Victory Garden at the White House
Obamas to Plant White House Vegetable Garden
Scheduled to break ground on the first day of Spring, the AP reports, “The White House is getting a new garden. First lady Michelle Obama is scheduled to break ground Friday on a new garden near the fountain on the South Lawn…” Michelle Obama envisions the organic garden on the White House lawn as a means of educating children and communities about healthful eating and as a source of fresh herbs and vegetables for the family and guests.
Eat the View Campaign
100,000 people signed a petition asking the Obamas to replant a Victory Garden at the White House, and recent news reports indicate that they are about to reap what they sowed.
For advocates of sustainable and healthy foods, this harvest of good news was as welcome as the summer’s first red-ripe tomato. “I’m thrilled for the Obama family and for all who will be inspired by their example to grow gardens of their own this year,” said Roger Doiron, founder of the nonprofit Kitchen Gardeners International and leader of the successful petition campaign, “Eat the View.”
Launched in February 2008, Eat the View proposed that the Obamas replant a White House Victory Garden while planting a few extra rows for the hungry. Over the course of the past month, the Eat the View campaign has touted the economic benefits of home gardens as part of its pitch to White House staff members. (Read “What’s a Home Garden Worth?”) As proof, Doiron and his wife spent nine months weighing and recording each vegetable they pulled from their 1,600-square-foot garden outside Portland, Maine. After counting the final winter leaves of salad, they found that they had saved about $2,150 by growing produce for their family of five instead of buying it. “If you consider that there are millions of American families who could be making similar, home-grown savings, those are no small potatoes,” Doiron said.

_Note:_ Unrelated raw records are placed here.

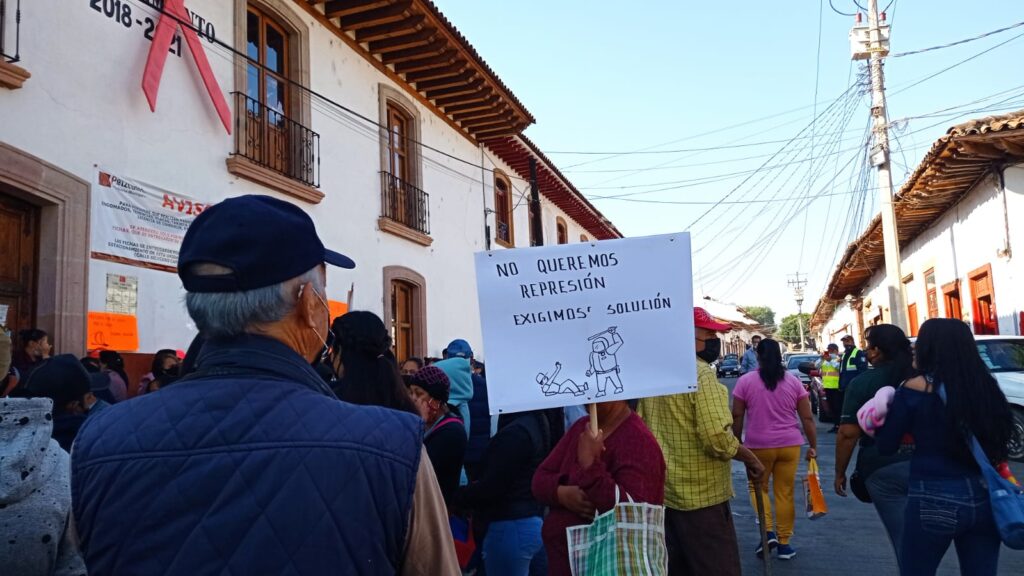 Toman presidencia de Pátzcuaro; vecinos reclaman falta de agua potable en colonias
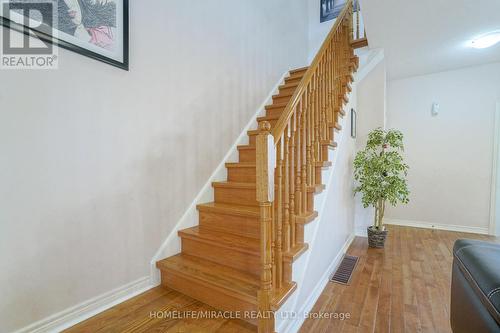 824 Khan Crescent, Mississauga, ON 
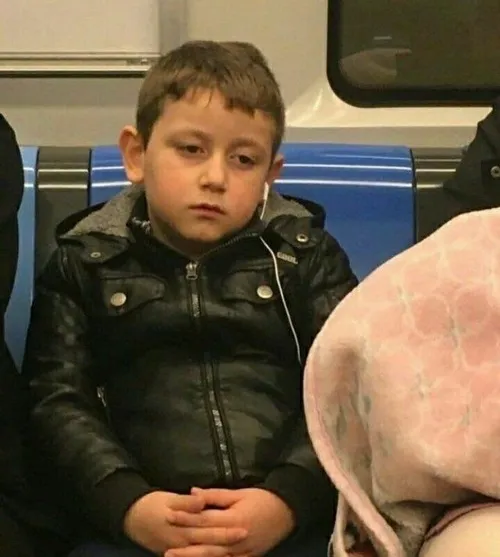 Hàng loạt meme xúc động được chia sẻ khiến mạng xã hội tràn cảm xúc.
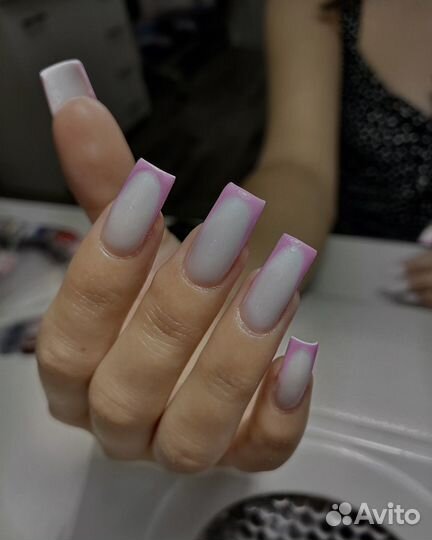 Наращивание ногтей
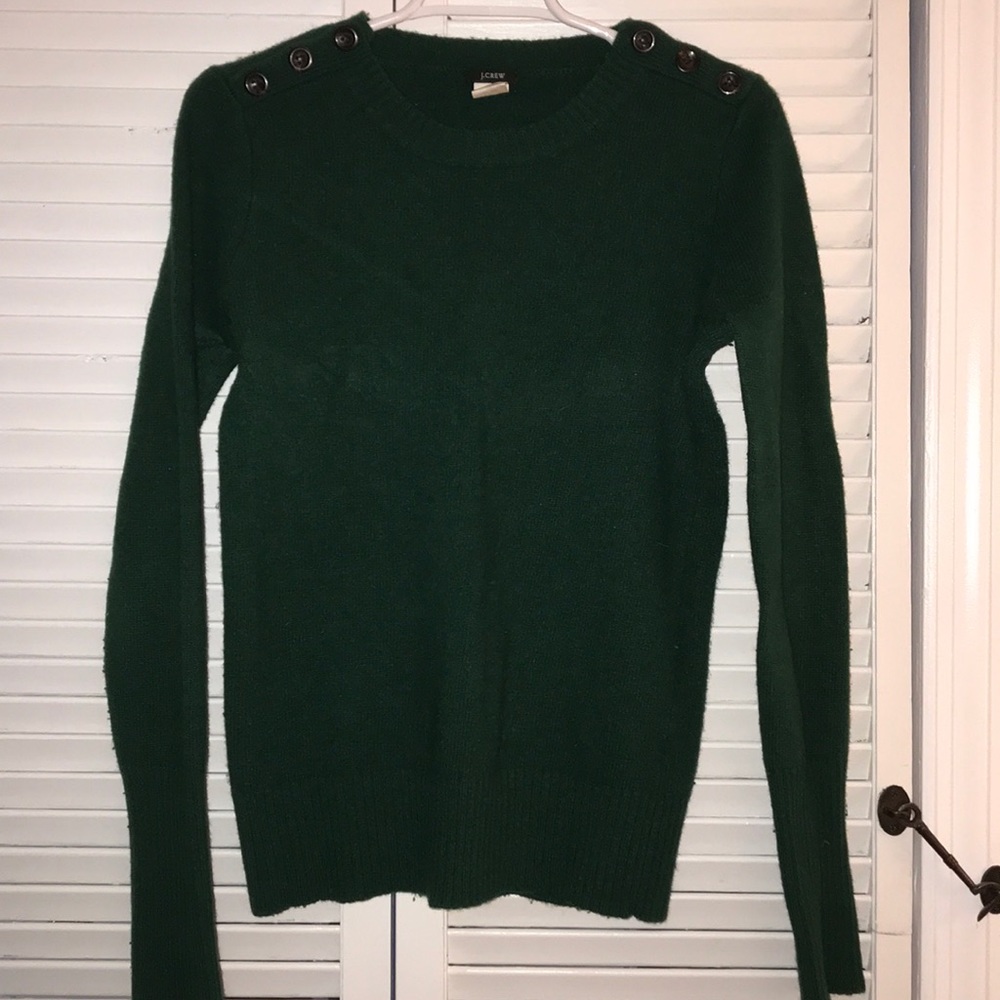 Gorgeous green sweater from JCrew. Size M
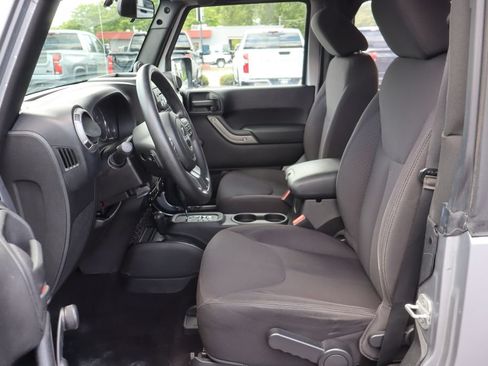 Used 2014 Jeep Wrangler Sport AWD/4WD image 4
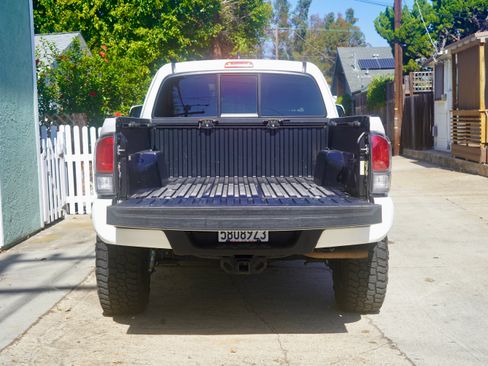 Used 2022 Toyota Tacoma TRD Sport image 15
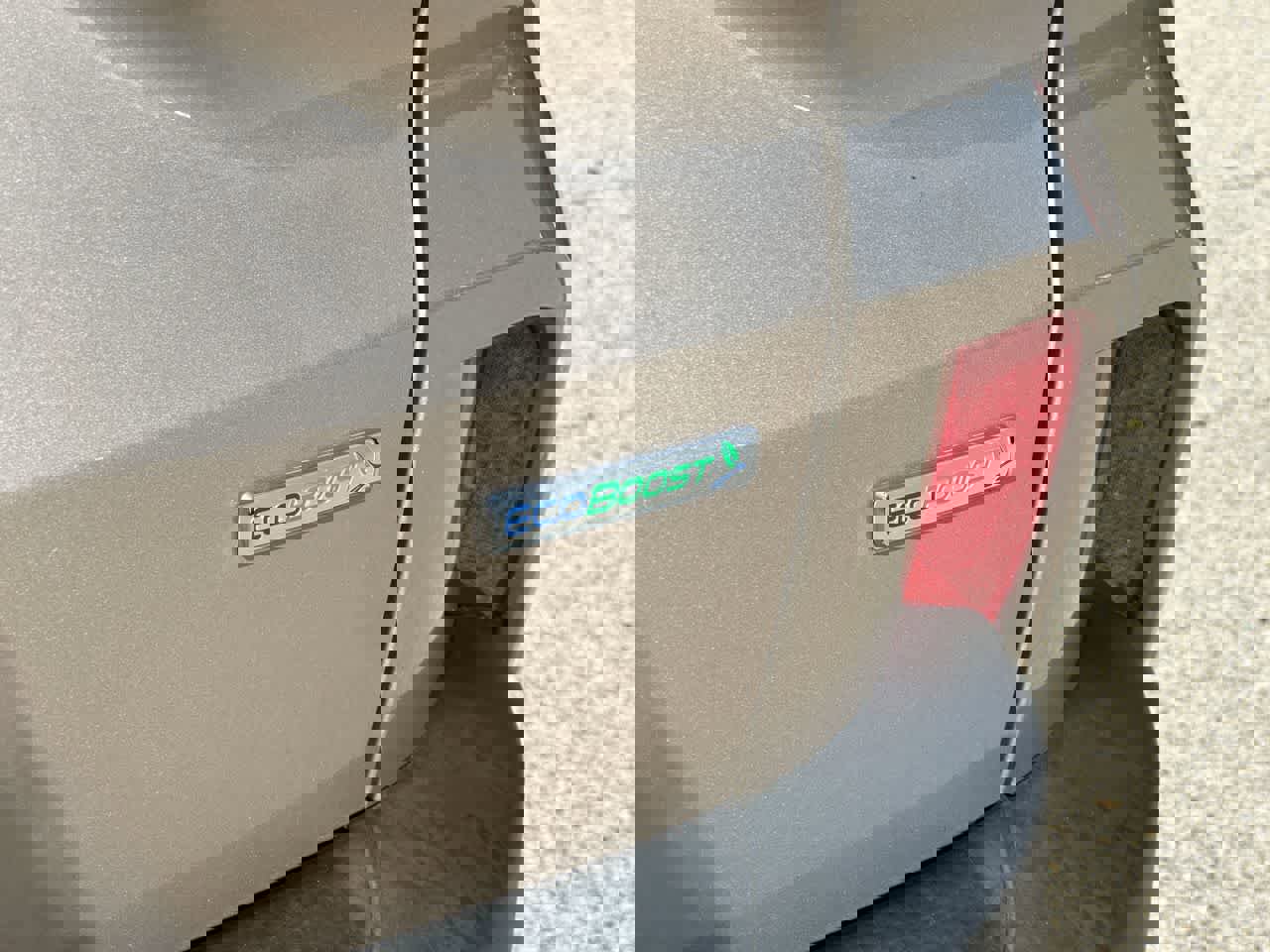 Used 2020 Ford Escape SE image 18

History of Harvest at the White House
While the Obamas’ garden and the online technologies that campaigned for it might be new, the idea of an edible landscape at the White House is not. Throughout its history, the White House has been home to food gardens of different shapes and sizes and even to a lawn-mowing herd of sheep in 1918. (Read: A Short History of America’s Garden.) The appeal of the White House garden project, Doiron asserts, is that it serves as a bridge between the country’s past and its future. “The last time food was grown on the White House lawn was in 1943, when the country was at war, the economy was struggling and people were looking to the First Family for leadership. It made sense before and it makes sense again as we try to live within our own means and those of the planet.”